$$ \newcommand{\dint}{\mathrm{d}} \newcommand{\vphi}{\boldsymbol{\phi}} \newcommand{\vpi}{\boldsymbol{\pi}} \newcommand{\vpsi}{\boldsymbol{\psi}} \newcommand{\vomg}{\boldsymbol{\omega}} \newcommand{\vsigma}{\boldsymbol{\sigma}} \newcommand{\vzeta}{\boldsymbol{\zeta}} \renewcommand{\vx}{\mathbf{x}} \renewcommand{\vy}{\mathbf{y}} \renewcommand{\vz}{\mathbf{z}} \renewcommand{\vh}{\mathbf{h}} \renewcommand{\b}{\mathbf} \renewcommand{\vec}{\mathrm{vec}} \newcommand{\vecemph}{\mathrm{vec}} \newcommand{\mvn}{\mathcal{MN}} \newcommand{\G}{\mathcal{G}} \newcommand{\M}{\mathcal{M}} \newcommand{\N}{\mathcal{N}} \newcommand{\S}{\mathcal{S}} \newcommand{\I}{\mathcal{I}} \newcommand{\diag}[1]{\mathrm{diag}(#1)} \newcommand{\diagemph}[1]{\mathrm{diag}(#1)} \newcommand{\tr}[1]{\text{tr}(#1)} \renewcommand{\C}{\mathbb{C}} \renewcommand{\R}{\mathbb{R}} \renewcommand{\E}{\mathbb{E}} \newcommand{\D}{\mathcal{D}} \newcommand{\inner}[1]{\langle #1 \rangle} \newcommand{\innerbig}[1]{\left \langle #1 \right \rangle} \newcommand{\abs}[1]{\lvert #1 \rvert} \newcommand{\norm}[1]{\lVert #1 \rVert} \newcommand{\two}{\mathrm{II}} \newcommand{\GL}{\mathrm{GL}} \newcommand{\Id}{\mathrm{Id}} \newcommand{\grad}[1]{\mathrm{grad} \, #1} \newcommand{\gradat}[2]{\mathrm{grad} \, #1 \, \vert_{#2}} \newcommand{\Hess}[1]{\mathrm{Hess} \, #1} \newcommand{\T}{\text{T}} \newcommand{\dim}[1]{\mathrm{dim} \, #1} \newcommand{\partder}[2]{\frac{\partial #1}{\partial #2}} \newcommand{\rank}[1]{\mathrm{rank} \, #1} \newcommand{\inv}1 \newcommand{\map}{\text{MAP}} \newcommand{\L}{\mathcal{L}} \DeclareMathOperator*{\argmax}{arg\,max} \DeclareMathOperator*{\argmin}{arg\,min} $$

Implementing Dropout in Neural Net

Dropout is one of the recent advancement in Deep Learning that enables us to train deeper and deeper network. Essentially, Dropout act as a regularization, and what it does is to make the network less prone to overfitting.

As we already know, the deeper the network is, the more parameter it has.

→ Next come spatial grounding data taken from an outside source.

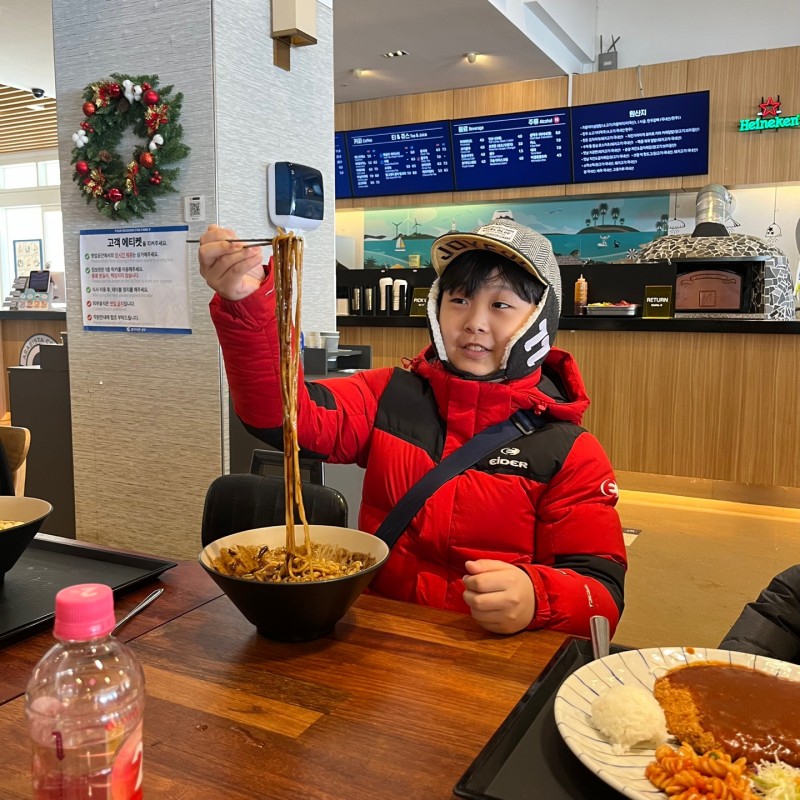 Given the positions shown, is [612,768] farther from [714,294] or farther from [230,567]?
[714,294]

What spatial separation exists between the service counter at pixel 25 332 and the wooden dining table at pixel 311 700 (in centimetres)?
460

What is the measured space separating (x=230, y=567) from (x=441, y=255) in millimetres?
822

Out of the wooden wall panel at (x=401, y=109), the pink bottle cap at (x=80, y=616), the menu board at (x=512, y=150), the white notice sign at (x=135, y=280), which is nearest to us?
the pink bottle cap at (x=80, y=616)

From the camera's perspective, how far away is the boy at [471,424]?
3.88 feet

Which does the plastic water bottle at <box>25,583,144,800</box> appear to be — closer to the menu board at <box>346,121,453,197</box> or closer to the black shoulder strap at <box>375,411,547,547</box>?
the black shoulder strap at <box>375,411,547,547</box>

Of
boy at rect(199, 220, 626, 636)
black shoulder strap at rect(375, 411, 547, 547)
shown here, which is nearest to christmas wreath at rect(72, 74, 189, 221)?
boy at rect(199, 220, 626, 636)

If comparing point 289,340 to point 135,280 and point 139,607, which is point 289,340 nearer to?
point 139,607

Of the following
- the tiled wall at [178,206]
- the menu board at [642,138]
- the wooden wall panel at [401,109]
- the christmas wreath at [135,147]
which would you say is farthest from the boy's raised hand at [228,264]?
the wooden wall panel at [401,109]

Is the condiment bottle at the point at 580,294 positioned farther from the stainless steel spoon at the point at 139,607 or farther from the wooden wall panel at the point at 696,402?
the stainless steel spoon at the point at 139,607

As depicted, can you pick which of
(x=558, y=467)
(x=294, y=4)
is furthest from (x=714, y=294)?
(x=558, y=467)

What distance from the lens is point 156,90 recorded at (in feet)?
9.52

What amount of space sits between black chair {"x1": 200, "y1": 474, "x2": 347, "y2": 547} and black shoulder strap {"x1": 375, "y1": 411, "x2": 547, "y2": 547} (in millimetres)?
125

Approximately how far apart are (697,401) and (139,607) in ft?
13.0

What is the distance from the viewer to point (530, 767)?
661mm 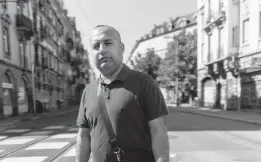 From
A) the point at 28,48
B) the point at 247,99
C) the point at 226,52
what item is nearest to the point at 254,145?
the point at 247,99

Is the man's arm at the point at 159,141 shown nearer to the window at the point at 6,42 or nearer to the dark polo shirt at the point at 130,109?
the dark polo shirt at the point at 130,109

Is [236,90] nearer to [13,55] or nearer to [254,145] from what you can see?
[254,145]

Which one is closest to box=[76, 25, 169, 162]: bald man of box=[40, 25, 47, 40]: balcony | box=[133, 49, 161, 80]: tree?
box=[40, 25, 47, 40]: balcony

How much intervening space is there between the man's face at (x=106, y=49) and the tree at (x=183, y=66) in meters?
30.3

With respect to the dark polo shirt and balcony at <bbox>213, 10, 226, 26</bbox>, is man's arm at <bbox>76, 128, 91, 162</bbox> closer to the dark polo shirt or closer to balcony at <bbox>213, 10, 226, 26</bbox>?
the dark polo shirt

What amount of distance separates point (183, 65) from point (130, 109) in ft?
105

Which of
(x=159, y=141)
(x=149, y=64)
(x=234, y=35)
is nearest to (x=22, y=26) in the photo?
(x=234, y=35)

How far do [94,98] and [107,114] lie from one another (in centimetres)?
17

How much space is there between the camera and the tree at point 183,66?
108ft

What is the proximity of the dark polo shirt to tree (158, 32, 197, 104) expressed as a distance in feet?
99.5

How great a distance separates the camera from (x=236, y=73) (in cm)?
2020

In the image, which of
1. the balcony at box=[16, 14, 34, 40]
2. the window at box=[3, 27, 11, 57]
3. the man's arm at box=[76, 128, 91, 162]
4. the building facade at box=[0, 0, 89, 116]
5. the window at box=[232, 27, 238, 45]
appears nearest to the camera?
the man's arm at box=[76, 128, 91, 162]

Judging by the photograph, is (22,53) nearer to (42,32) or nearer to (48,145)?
(42,32)

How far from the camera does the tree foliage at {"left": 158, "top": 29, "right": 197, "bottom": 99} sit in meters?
32.8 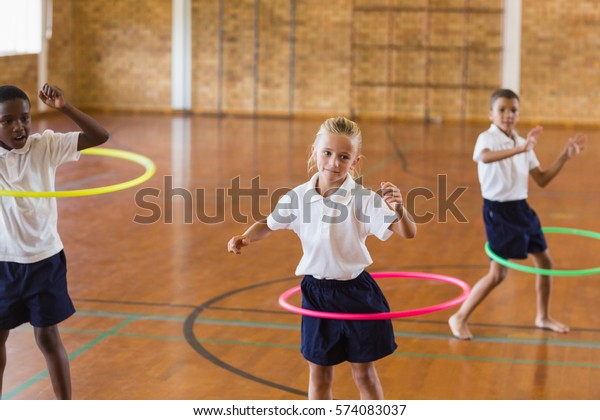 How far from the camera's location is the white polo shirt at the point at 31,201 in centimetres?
397

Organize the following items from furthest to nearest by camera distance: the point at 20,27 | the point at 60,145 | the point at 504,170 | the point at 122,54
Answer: the point at 122,54
the point at 20,27
the point at 504,170
the point at 60,145

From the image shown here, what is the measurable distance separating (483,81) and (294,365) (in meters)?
14.2

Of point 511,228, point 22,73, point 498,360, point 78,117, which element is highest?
point 22,73

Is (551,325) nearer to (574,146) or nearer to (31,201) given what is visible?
(574,146)

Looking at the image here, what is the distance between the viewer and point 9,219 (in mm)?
3979

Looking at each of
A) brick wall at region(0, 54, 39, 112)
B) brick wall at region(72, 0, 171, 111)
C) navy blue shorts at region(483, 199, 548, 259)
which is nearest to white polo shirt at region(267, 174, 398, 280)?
navy blue shorts at region(483, 199, 548, 259)

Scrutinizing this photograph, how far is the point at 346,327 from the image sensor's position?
12.4 feet

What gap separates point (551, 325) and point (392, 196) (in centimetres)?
300

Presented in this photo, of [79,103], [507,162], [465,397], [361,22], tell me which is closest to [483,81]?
[361,22]

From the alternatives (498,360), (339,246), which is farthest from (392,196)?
(498,360)

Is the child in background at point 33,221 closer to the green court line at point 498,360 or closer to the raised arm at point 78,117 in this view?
the raised arm at point 78,117

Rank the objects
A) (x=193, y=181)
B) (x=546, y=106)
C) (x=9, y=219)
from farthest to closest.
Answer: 1. (x=546, y=106)
2. (x=193, y=181)
3. (x=9, y=219)

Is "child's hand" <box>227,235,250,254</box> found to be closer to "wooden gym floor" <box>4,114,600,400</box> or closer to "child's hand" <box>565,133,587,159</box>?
"wooden gym floor" <box>4,114,600,400</box>

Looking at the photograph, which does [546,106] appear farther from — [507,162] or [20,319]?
[20,319] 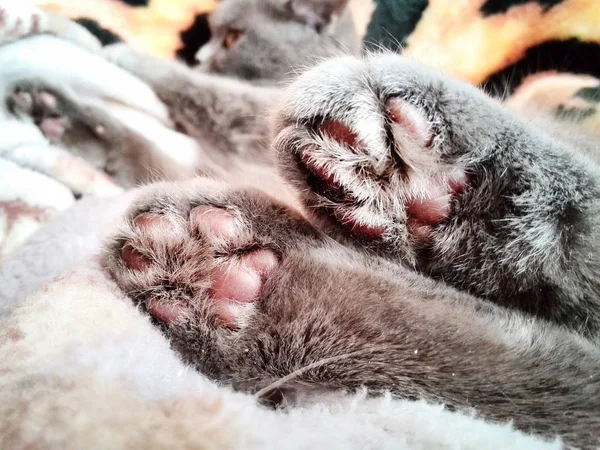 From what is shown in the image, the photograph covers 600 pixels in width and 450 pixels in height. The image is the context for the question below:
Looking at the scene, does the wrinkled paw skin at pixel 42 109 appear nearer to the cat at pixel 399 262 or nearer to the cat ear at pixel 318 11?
the cat at pixel 399 262

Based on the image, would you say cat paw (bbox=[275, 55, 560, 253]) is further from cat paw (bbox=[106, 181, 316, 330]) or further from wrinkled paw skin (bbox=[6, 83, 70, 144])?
wrinkled paw skin (bbox=[6, 83, 70, 144])

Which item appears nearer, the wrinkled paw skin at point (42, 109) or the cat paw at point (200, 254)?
the cat paw at point (200, 254)

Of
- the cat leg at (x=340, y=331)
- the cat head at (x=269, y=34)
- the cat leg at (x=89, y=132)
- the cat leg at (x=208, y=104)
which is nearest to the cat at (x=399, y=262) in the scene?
the cat leg at (x=340, y=331)

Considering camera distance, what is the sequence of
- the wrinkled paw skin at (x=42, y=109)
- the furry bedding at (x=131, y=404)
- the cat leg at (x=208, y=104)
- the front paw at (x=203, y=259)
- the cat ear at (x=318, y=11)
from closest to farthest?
the furry bedding at (x=131, y=404)
the front paw at (x=203, y=259)
the wrinkled paw skin at (x=42, y=109)
the cat leg at (x=208, y=104)
the cat ear at (x=318, y=11)

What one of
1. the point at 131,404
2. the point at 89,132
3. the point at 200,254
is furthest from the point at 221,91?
the point at 131,404

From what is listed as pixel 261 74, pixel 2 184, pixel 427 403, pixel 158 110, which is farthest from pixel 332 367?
pixel 261 74

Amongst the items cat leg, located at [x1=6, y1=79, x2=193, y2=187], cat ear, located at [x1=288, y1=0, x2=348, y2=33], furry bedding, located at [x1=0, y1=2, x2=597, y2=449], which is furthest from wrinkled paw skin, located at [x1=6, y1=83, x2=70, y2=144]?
cat ear, located at [x1=288, y1=0, x2=348, y2=33]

For example, VGGNet from ImageNet competition 2014, has some 148 million parameters. That’s a lot. With that many parameters, the network could easily overfit, especially with small dataset.

Enter Dropout.

In training phase, with Dropout, at each hidden layer, with probability p, we kill the neuron. What it means by ‘kill’ is to set the neuron to 0. As neural net is a collection multiplicative operations, then those 0 neuron won’t propagate anything to the rest of the network.


Let n be the number of neuron in a hidden layer, then the expectation of the number of neuron to be active at each Dropout is p*n, as we sample the neurons uniformly with probability p. Concretely, if we have 1024 neurons in hidden layer, if we set p = 0.5, then we can expect that only half of the neurons (512) would be active at each given time.

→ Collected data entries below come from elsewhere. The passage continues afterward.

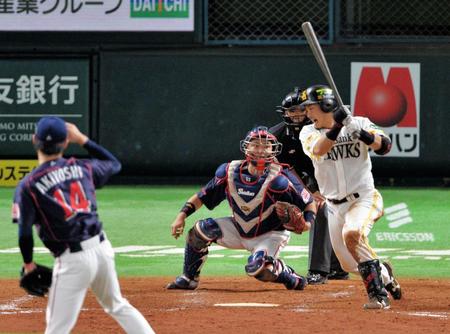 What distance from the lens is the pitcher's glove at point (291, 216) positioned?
32.3 feet

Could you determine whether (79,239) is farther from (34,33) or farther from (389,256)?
(34,33)

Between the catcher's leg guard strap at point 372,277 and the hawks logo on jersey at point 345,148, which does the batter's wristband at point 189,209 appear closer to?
the hawks logo on jersey at point 345,148

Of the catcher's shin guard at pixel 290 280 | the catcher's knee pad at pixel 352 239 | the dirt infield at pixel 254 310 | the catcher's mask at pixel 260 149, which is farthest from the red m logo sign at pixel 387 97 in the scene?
the catcher's knee pad at pixel 352 239

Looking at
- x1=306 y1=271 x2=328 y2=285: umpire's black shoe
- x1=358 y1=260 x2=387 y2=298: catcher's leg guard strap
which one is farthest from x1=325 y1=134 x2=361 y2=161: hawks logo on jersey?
x1=306 y1=271 x2=328 y2=285: umpire's black shoe

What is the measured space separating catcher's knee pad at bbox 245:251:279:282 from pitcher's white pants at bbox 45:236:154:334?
307cm

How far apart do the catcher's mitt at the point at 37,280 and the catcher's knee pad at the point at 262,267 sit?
3.10m

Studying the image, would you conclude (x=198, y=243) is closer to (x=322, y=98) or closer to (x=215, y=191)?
(x=215, y=191)

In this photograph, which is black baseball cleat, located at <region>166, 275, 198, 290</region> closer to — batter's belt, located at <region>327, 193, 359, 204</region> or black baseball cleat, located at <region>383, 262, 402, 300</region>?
batter's belt, located at <region>327, 193, 359, 204</region>

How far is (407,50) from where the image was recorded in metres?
17.7

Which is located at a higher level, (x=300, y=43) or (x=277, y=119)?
(x=300, y=43)

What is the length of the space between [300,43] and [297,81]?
544 millimetres

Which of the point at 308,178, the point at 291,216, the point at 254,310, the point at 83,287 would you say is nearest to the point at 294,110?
the point at 308,178

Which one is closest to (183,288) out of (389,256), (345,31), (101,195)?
(389,256)

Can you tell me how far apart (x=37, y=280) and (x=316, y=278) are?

Because we force the network to train with only random p*n of neurons, then intuitively, we force it to learn the data with different kind of neurons subset. The only way the network could perform the best is to adapt to that constraint, and learn the more general representation of the data.

It’s easy to remember things when the network has a lot of parameters (overfit), but it’s hard to remember things when effectively the network only has so many parameters to work with. Hence, the network must learn to generalize more to get the same performance as remembering things.

So, that’s why Dropout will increase the test time performance: it improves generalization and reduce the risk of overfitting.

Let’s see the concrete code for Dropout:

# Dropout training
u1 = np.random.binomial(1, p, size=h1.shape)
h1 *= u1

First, we sample an array of independent Bernoulli Distribution, which is just a collection of zero or one to indicate whether we kill the neuron or not. For example, the value of u1 would be np.array([1, 0, 0, 1, 1, 0, 1, 0]). Then, if we multiply our hidden layer with this array, what we get is the originial value of the neuron if the array element is 1, and 0 if the array element is also 0.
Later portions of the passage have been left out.